The benefits of salt substitutes were observed in the risks for a group of health problems known as cardiovascular disease, which includes heart disease, heart valve problems, and abnormal heart rhythm, as well as events like heart attack or stroke.

The findings, from researchers in Australia and published Tuesday in the journal Annals of Internal Medicine, are based on a new analysis of data from 18 previous studies, the majority of which only included people living in Asian countries such as China or Taiwan. For that reason, the researchers cautioned that the use of salt substitutes may not be linked to the same health outcomes for people who eat a Western diet. Americans tend to get most of their salt intake from eating processed and packaged foods, whereas the traditional Asian diet tends to source salt from salt added during home cooking.

Salt substitutes are products that contain less sodium and, instead, increased amounts of potassium. The researchers sought to only include studies that examined the use of salt substitutes, purposely excluding research studies that only looked at reducing salt intake.

The people in the analysis tended to be older and have an increased risk for heart problems, so people at average risk of heart problems or lower may not necessarily experience the protective benefits from salt substitution.

Overall, the researchers characterized their findings as being based on “low-certainty evidence.” But they noted that their findings align with other research, such as links between sodium reduction, reduced blood pressure, and reduced risk of death. 

They cautioned that some people may be sensitive to such a substitution, particularly people with kidney problems.
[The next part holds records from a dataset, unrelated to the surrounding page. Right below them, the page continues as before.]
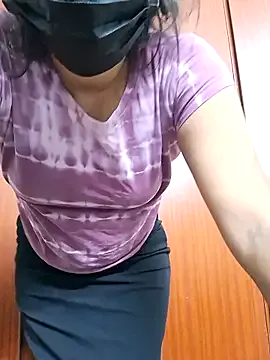 Cute-Simmi69 – webcam model profile photo Image 11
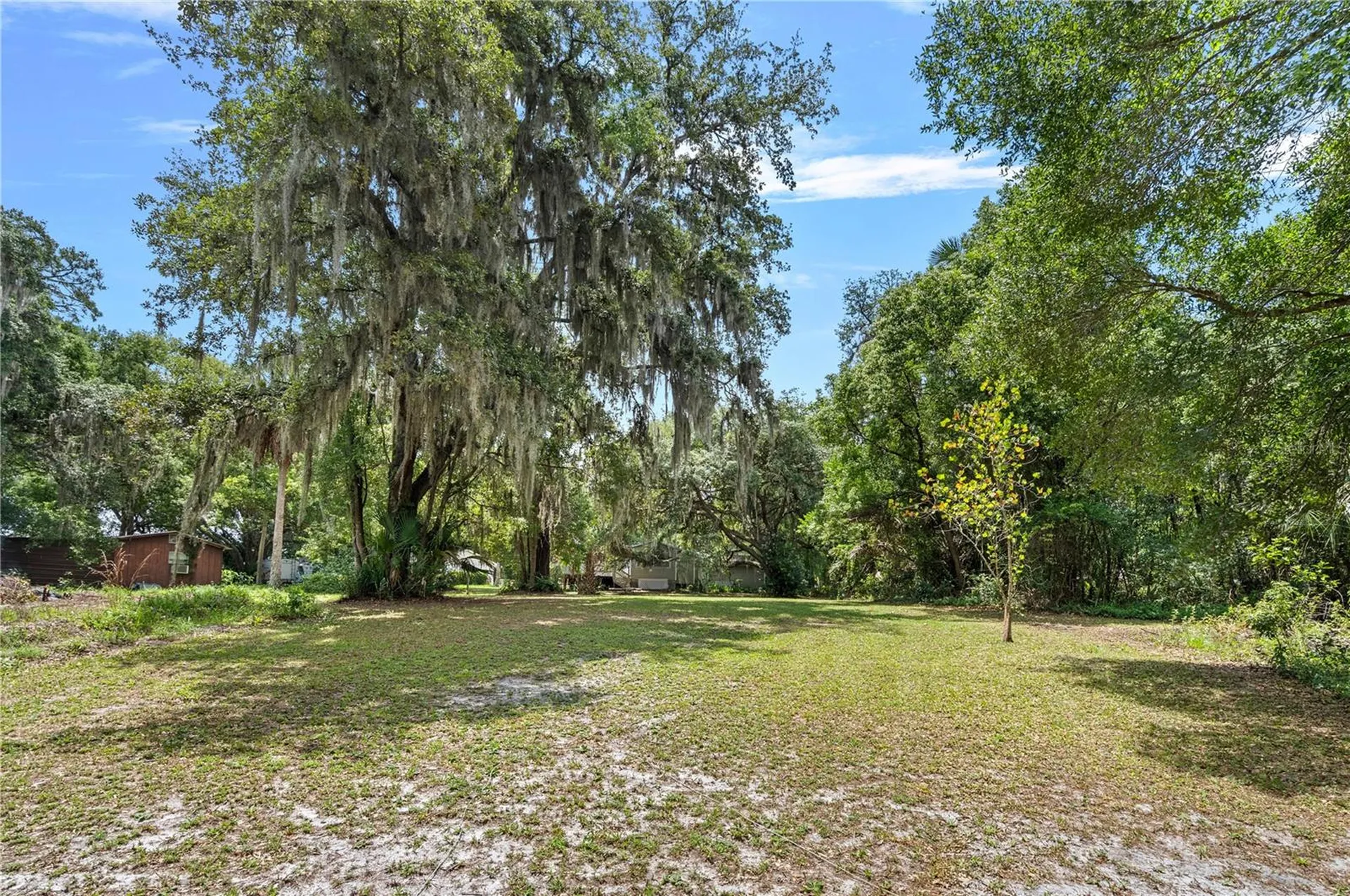 26015 Sackamaxon Drive Sorrento FL 32776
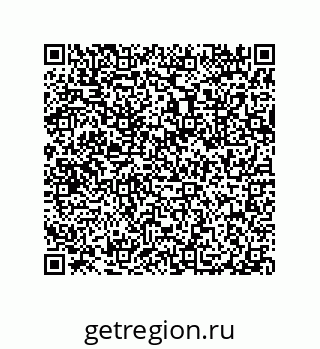 79632308803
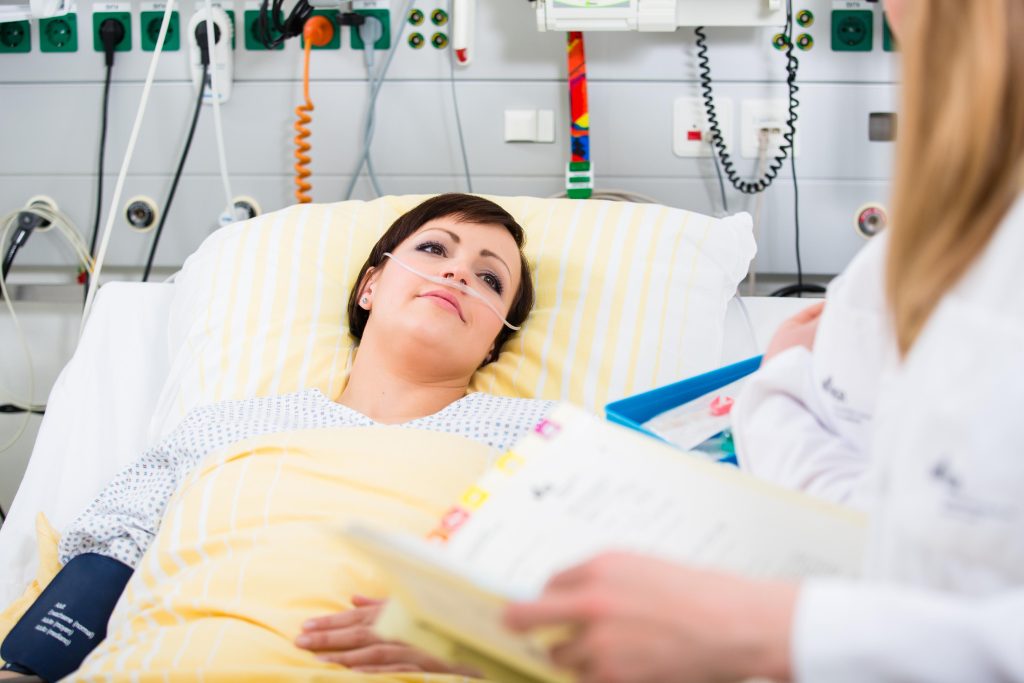 CUIDADOS INTENSIVOS RESPIRATORIOS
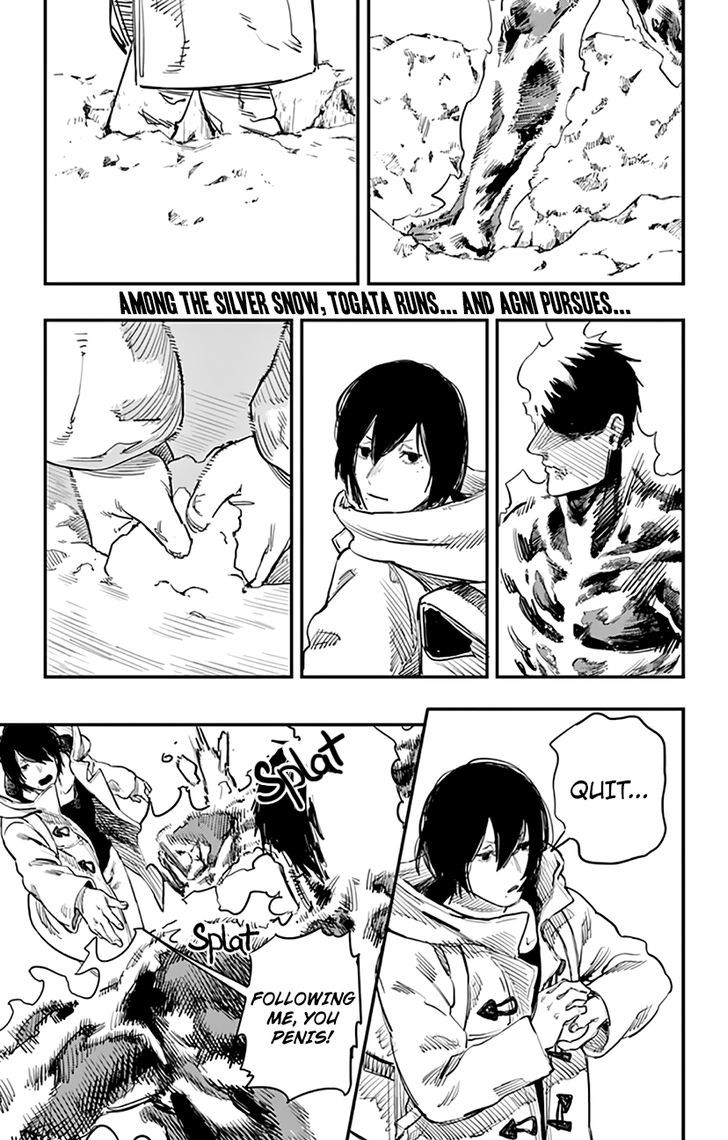 fire_punch_40_2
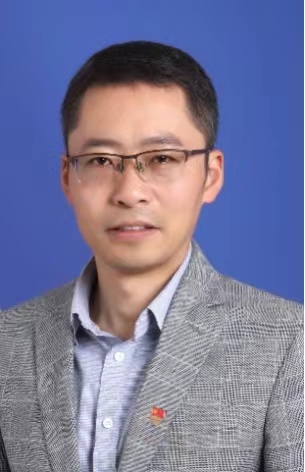 8868体育登录创新论坛第一千二百四十一讲暨120周年校庆年系列活动：淡水水体温室气体排放研究-从试验观测到全球估算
Another challenge, the authors wrote, is that salt substitutes are not widely available and may be more expensive than table salt products. They suggested that public health initiatives to offset the cost may be worthwhile, since many of the people most at risk of heart problems tend to live in low-income households.

Heart disease is the leading cause of death in the U.S. and worldwide, and therefore the authors wrote that despite the limitations of their study, the findings are promising. As many as 10% of all global deaths due to heart problems can be linked to high levels of salt in people’s diets, they noted.

“The improved cardiovascular outcomes and reductions in mortality shown in the current review could have major clinical and public health implications given the significance and burden of [cardiovascular disease] on global health,” the researchers wrote.